Vernachlässigte Katzen, geschlagene Hunde, hungernde Kaninchen: 524 Straftaten nach dem Tierschutzgesetz sind im Jahr 2023 in Hessen registriert worden. Das ist ein deutlicher Anstieg im Vergleich zum Vorjahr, als 475 Taten in die polizeiliche Kriminalstatistik eingingen. Mit den Zahlen für 2024 rechnet das Landeskriminalamt (LKA) im Frühjahr.
Schon im Jahr 2020 waren 524 Straftaten nach dem Tierschutzgesetz registriert worden, 2021 sank die Zahl dann zwischenzeitlich auf 486. Die Aufklärungsquote schwankt ebenfalls, sie lag in den vergangenen Jahren stets unter 60 Prozent. Teilweise wurde nur etwa jeder zweite Fall aufgeklärt.
Fische, Hunde und Katzen
Die Tierarten würden meist nicht erfasst, teilt das LKA mit. "Fälle, in denen Angaben zur Tierart existieren, zeigen, dass neben Fischen vor allem Hunde und Katzen Gegenstand strafbarer Handlungen waren", fügt ein LKA-Sprecher mit Blick auf die Jahre 2019 bis 2023 hinzu.
Quälen, Schlagen, Töten sowie das Unterlassen von Hilfe gehörten zu den häufigsten Taten. "Die meisten Verstöße gegen das Tierschutzgesetz ereigneten sich im Main-Kinzig-Kreis, in Frankfurt am Main sowie in den Landkreisen Gießen und Marburg-Biedenkopf", erklärt das LKA.
Häufig hinter verschlossenen Türen
Der Landestierschutzverband geht von einer hohen Dunkelziffer aus. "Ganz, ganz viele Tierquälereien finden hinter verschlossenen Türen statt. Die erfassten Fälle sind ja hauptsächlich Fälle, die irgendjemand gesehen und dann zur Anzeige gebracht hat", sagt Vorstandsmitglied Barbara Felde.
Zugleich gebe es die Massentierhaltung in der Landwirtschaft, in der sehr viele strafbare Handlungen begangen würden. Hinzu komme das Töten überschüssiger Tiere in Versuchslaboren. In zahlreichen dieser Fälle ermittelten die Staatsanwaltschaften aber nicht oder stellten Verfahren ein.
Auch bei Haustieren gebe es eine hohe Dunkelziffer, sagt Felde: "Wenn ich meinen Hund misshandeln will, dann mache ich das nicht auf offener Straße, sondern dann mache ich das Zuhause, wo es keiner sieht." Auch Vernachlässigung von Tieren komme sehr oft vor.
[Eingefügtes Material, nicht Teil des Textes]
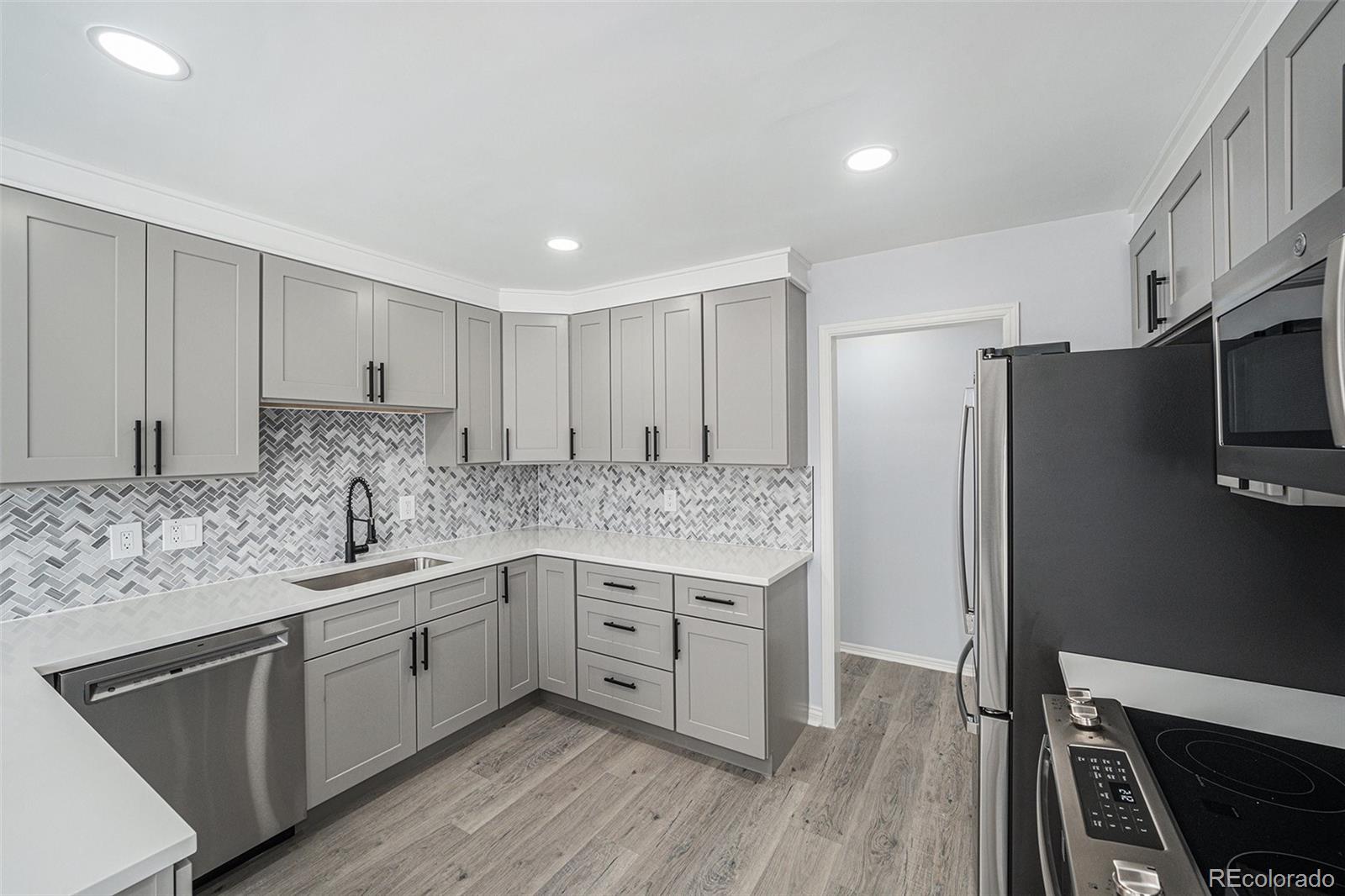 MLS Image #6 for 2203 s holly street,denver, Colorado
Das merkten Tierheime etwa am sogenannten Animal Hoarding, sprich, wenn sehr viele Tiere auf engem Raum gehalten werden.
Hunger und verfilztes Fell
Strafbar sei nicht nur das aktive Quälen, sondern auch die Unterlassung: "Wenn ich mich nicht um das Tier kümmere und es erhebliche Leiden hat, weil ich es nicht füttere und es dann Hunger hat, oder weil das Fell so verfilzt ist, dass es wehtut und sich schon Entzündungen an der Haut bilden", erläutert Felde.
Fälle von Tierquälerei dringen immer wieder an die Öffentlichkeit. Im Dezember 2023 wurden aus einer Zweizimmerwohnung in Frankfurt 32 Katzen gerettet. Sie wurden in Käfigen und selbstgebauten Boxen sowie einer dunklen Abstellkammer gefunden.
Derzeit läuft in Unterfranken ein Verfahren gegen einen Landwirt aus Hessen, der zwei Kühe gequält haben soll. Der Fall steht im Zusammenhang mit einem Schlachthof in Unterfranken, der nach der Veröffentlichung von Videomaterial einer Tierrechtsorganisation ins Visier der Behörden geraten war.
Die Juristin Barbara Felde fordert neben einer Verschärfung des Gesetzes einen besseren Vollzug. Anerkannte Tierschutzorganisationen müssten die Möglichkeit erhalten, Anklagen zu erzwingen, um Verfahren ins Rollen zu bringen, auch wenn die Staatsanwaltschaft sich weigere.
Höhere Strafen gefordert
Zudem solle der Strafrahmen erhöht werden: "Aktuell kann man jemanden wegen Tierquälerei mit einer Geldstrafe oder mit einer Freiheitsstrafe bis zu drei Jahren bestrafen und das ist wenig. Dies sollte mindestens auf bis zu fünf Jahre angehoben werden."
Auch sollten versuchte Taten strafbar werden. Bisher gebe es kaum Verurteilungen im Tierschutzbereich, wenn überhaupt würden Geldstrafen verhängt, sagt die Juristin.